Follow Up to Data Mining

Posted for

Sandra in Brevard





The United Way is hosting community conversations to promote civil discourse on education reform across Florida, North Carolina, and Tennessee this month. This “listening tour” on teacher effectiveness is funded by the Bill and Melinda Gates Foundation. If the scheduled ones are inconvenient, the United Way offers a way to form a convenient one, call them and they will explain how. Looks to me as though a civil conversation on educational reform is happening right here at Grumpyelder's place where there is no need to leave any personal information or details that could be mined later by an algorithm.

http://wiki.tothevillagesquare.org/display/EET/About+the+grant

Here’s some additional information:

Hillsborough County has a grant from the Bill and Melinda Gates Foundation.

According to the Broad Foundation, Data Quality Control (DQC) begia assisting states in 2005 to build educational longitudinal data bases. The DQC website, The Bill and Melinda Gates Foundation is listed as its founder.

The Eli and Edythe Broad Foundation is a national venture philanthropy established by philanthropist Eli Broad to advance entrepreneurship for the public good in education, science and the arts.

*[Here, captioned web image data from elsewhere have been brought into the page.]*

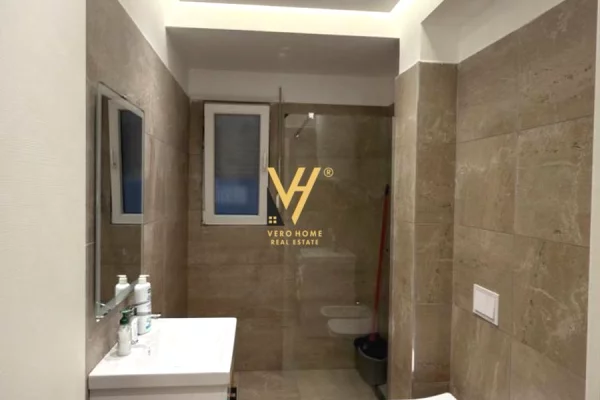 Appartamento in vendita a Tirana 1+1, Arredato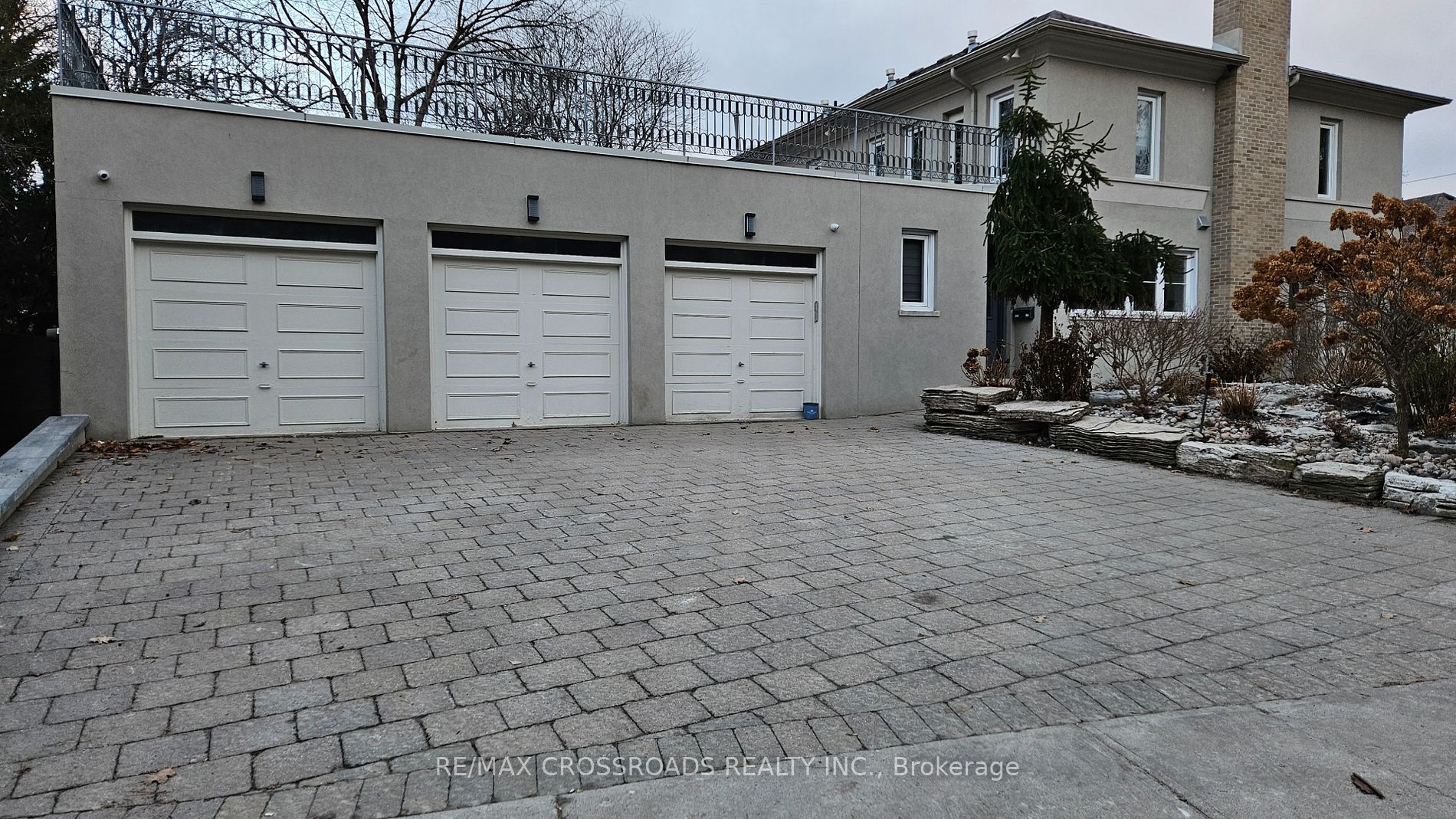 200 The Bridle Path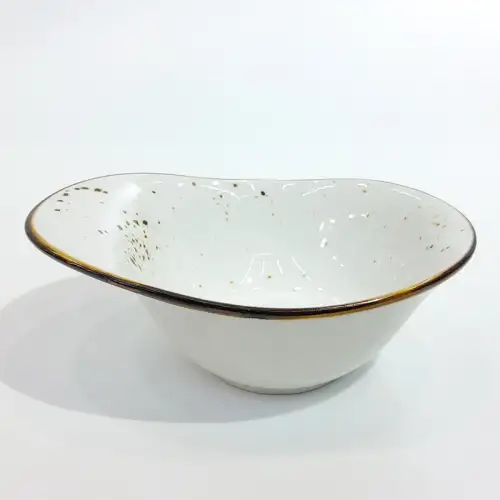 #KK7205-WT; Ceramic oval bowl 7.25 inches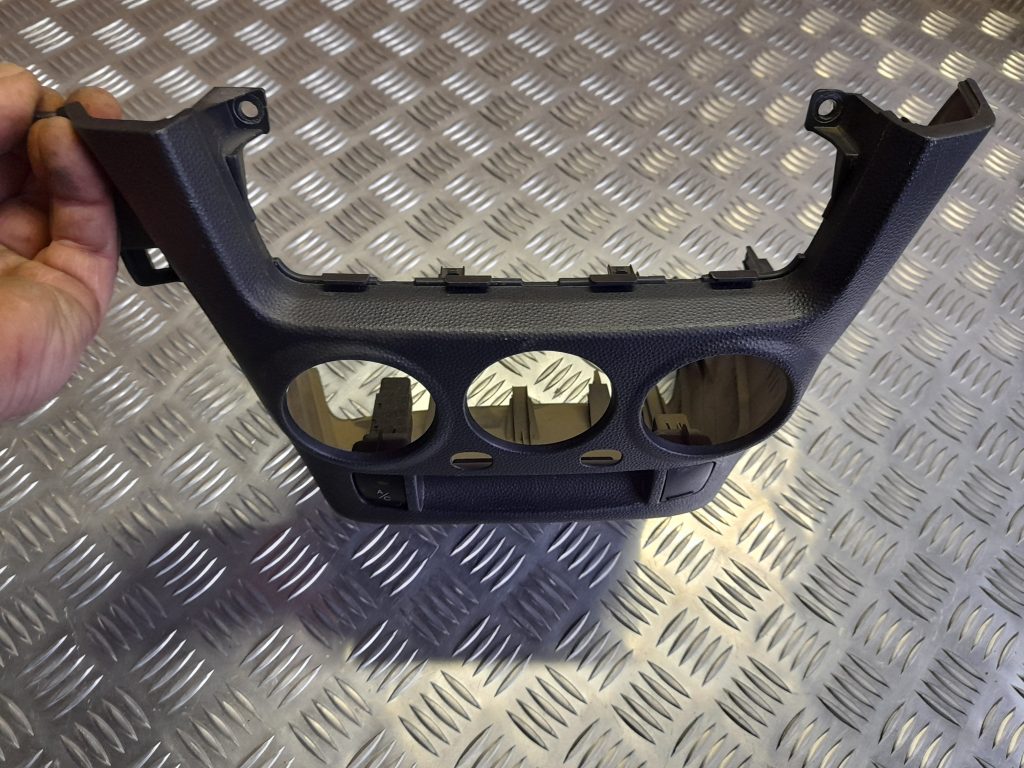 Mērinstrumentu paneļa dekoratīvais rāmis priekš KIA PICANTO 2006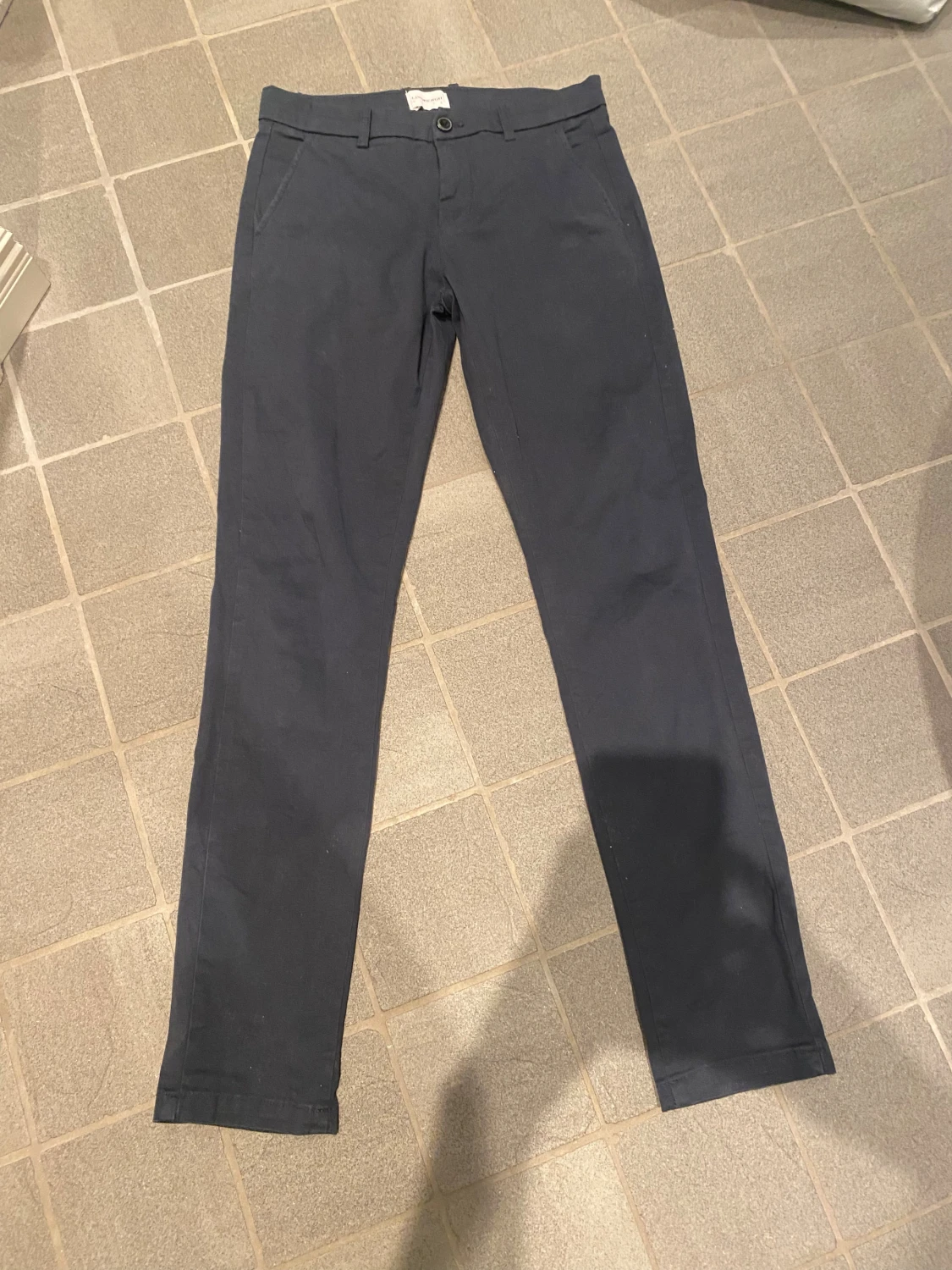 Mörkblå chinos från Lindbergh white  - 1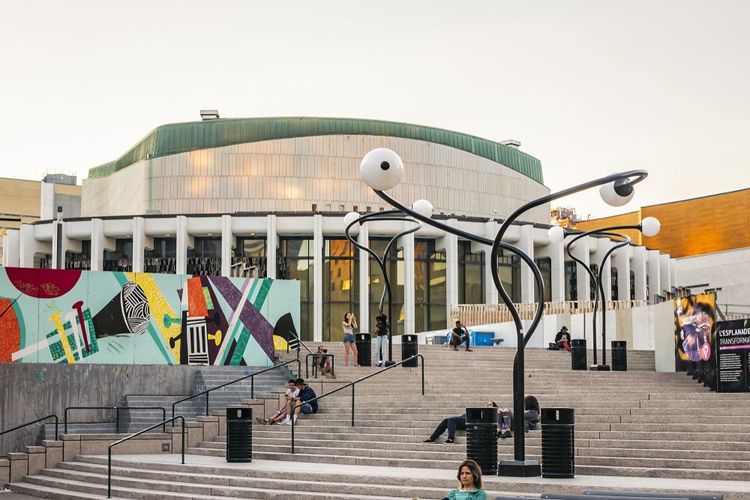La place des Arts est un vivier des activités culturelles canadiennes
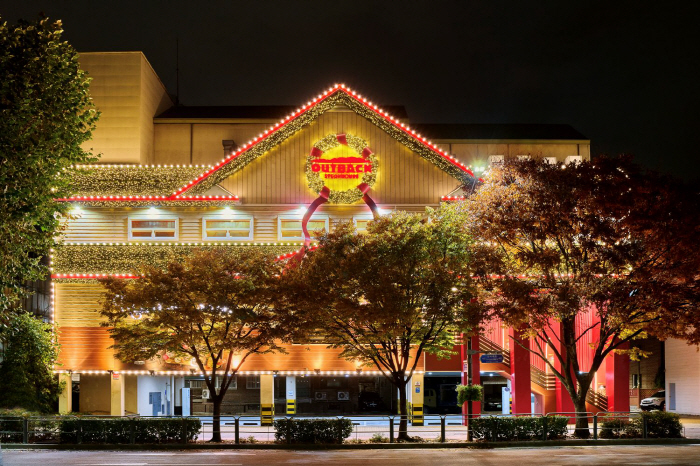 아웃백, 지난해 12월 매출 역대 기록 경신…"2026년에도 상승세 유지 노력"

The Foundation funds the Broad Residency, which searches for individuals with MBA's and in industry for candidates to take rapid training to take on positions as superintendents and other managerial positions in our nation's school districts. The Broad Foundation subsidizes salaries once hired on. The Broad Center announced it's placed "the largest class of 42 early career executives into 28 public education systems, expanding for the first tie into state departments of education." One Broad Resident now works for Hillsborough County Public Schools.

The Broad Foundation received a $3.6 million grant from the Bill and Melinda Gates Foundation to recruit and train as many as 18 Broad Residents over the next four years to provide management support to school districts and charter management organizations addressing the issue of teacher effectiveness. "Broad Residents will help school systems dramatically improve the recruitment, selection, training, placement and evaluation of teachers". The Gates Foundation grant is the first multi-million-dollar grant The Broad Residency has received from a funder other than The Eli and Edythe Broad Foundation.

"http://www.broadeducation.org/asset/0-100908tbrnewclassgates.pdf

All Broad Residents have M.B.A.s or other advanced degrees. Seventy-four percent of this year’s class, selected from a candidate pool of more than 2,500 applicants, come from leading business and law schools such as Harvard University, Duke University or the University of Michigan. Participants have an average of 10 years of experience, typically from a Fortune 500 or other major company. Fifty-two percent are people of color. The Broad Residency continues to be far more selective—at 2 percent—than the highest-rated M.B.A. programs. The Broad Residency (www.broadresidency.org) pays 50 percent of each Resident’s salary the first year, and 25 percent the second year, with the partner organization paying the balance, except where a Resident is already employed by that organization.